RECORD: Darwin, C. R. 1908. [Letters to Herbert Spencer and J. D. Hooker, 1858, 1860, 1866, 1867]. In David Duncan, The life and letters of Herbert Spencer. London, pp. 87, 98, 125, 150.

REVISION HISTORY: Transcribed by Christine Chua and edited by John van Wyhe 4.2022. RN1

NOTE: See record in the Freeman Bibliographical Database, enter its Identifier here. See the complete letters in Correspondence vol. 14, pp. 66, 105 and Correspondence vol. 15, p. 470.


[page] 87

[…] An article on "Physical Training," declined for the Quarterly, had been accepted for the British Quarterly. He had been distributing a few volumes of the Essays. Two of the letters of acknowledgment are worth quoting, Mr. Darwin's being one to which Spencer attached great importance.

FROM CHARLES DARWIN.

25 November (1858).

Your remarks on the general argument of the so-called Development Theory seem to me admirable.

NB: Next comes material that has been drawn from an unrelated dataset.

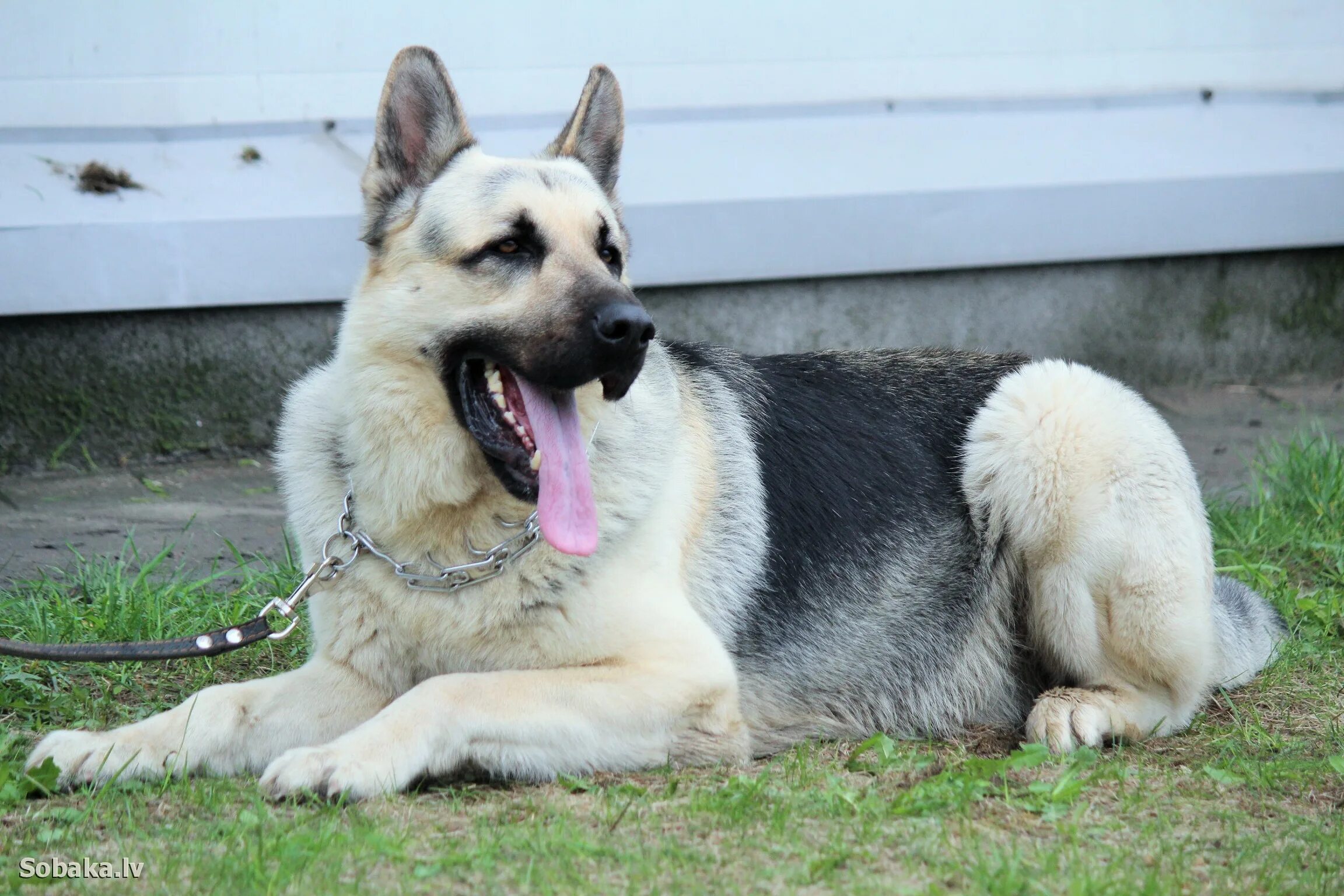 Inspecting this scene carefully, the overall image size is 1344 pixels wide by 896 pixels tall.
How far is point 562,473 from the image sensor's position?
326 centimetres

I am at present preparing an abstract of a larger work, on the changes of species; but I treat the subject simply as a naturalist, and not from a general point of view; otherwise, in my opinion, your argument could not have been improved on, and might have been quoted by me with great advantage.1

1 Life and Letters of Charles Darwin, ii., 141. Autobiography, ii., 27.

[page] 98

FROM CHARLES DARWIN.

2 (February 1860.)

From your letter I infer that you have not received a copy of my book, which I am very sorry for. I told Mr. Murray to send you one, amongst the first distributed in November .... I have now written a preface for the foreign editions and for any future English edition (should there be one), in which I give a very brief sketch (of the progress of opinion), and have much pleasure alluded to your excellent essay on Development in your general Essays.

FROM CHARLES DARWIN.

23 (February, 1860).

I write one line to thank you much for your note. Of my numerous (private) critics, you are almost the only one who has put the philosophy of the argument, as it seems to me, in a fair way— namely, as an hypothesis (with some innate probability, as it seems to me) which explains several groups of facts.1

You put the case of selection in your pamphlet on Population in a very striking and clear manner.

[…]

1 See also Life and Letters of Charles Darwin, ii., 290.

[page] 125

[…] Of this number ["the fourth number of vol. ii. of the Biology"] Mr, Darwin wrote to Dr. Hooker:-

"It is wonderfully clever and I daresay mostly true. If he had trained himself to observe more, even at the expense, by the law of balancement, of some loss of thinking power, he would have been a wonderful man."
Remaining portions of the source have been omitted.